One of the several winners of this year’s Knight Foundation media innovation contest that offers great potential for scholars and students is a service and set of open-source tools called DocumentCloud. Currently in beta, it focuses on three primary feature areas designed to help journalists or anyone “reporting on” primary sources: search and analysis, highlighting and annotation, and document sharing.

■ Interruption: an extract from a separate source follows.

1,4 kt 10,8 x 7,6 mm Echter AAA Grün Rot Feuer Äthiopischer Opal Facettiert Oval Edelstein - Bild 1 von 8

In most of the examples I have seen of DocumentCloud being used, when we say documents we are talking about scanned texts: a politician’s scandalous memo, an oil company’s outline for destroying the planet, a scathing letter from an actress to her studio, and so on. Once you have an account you can upload your stash and take advantage of their analytic tools on docs that were either OCRed before uploading or done afterwards within DocumentCloud using their installation of the open source tool Tesseract. You can, of course, search across the full content and metadata of documents in your collection but it also attempts to identify people, organizations, and places. It also plots any date references in the documents on a timeline which anchors any search (though the usefulness of this, I found, depends very much on what kind of documents contain these dates). Finally, like a number of similar document hosting sites, DocumentCloud is establishing itself as the home of a searchable catalog of collections that have been made public by their member projects, and offer an API for embedding documents into a website.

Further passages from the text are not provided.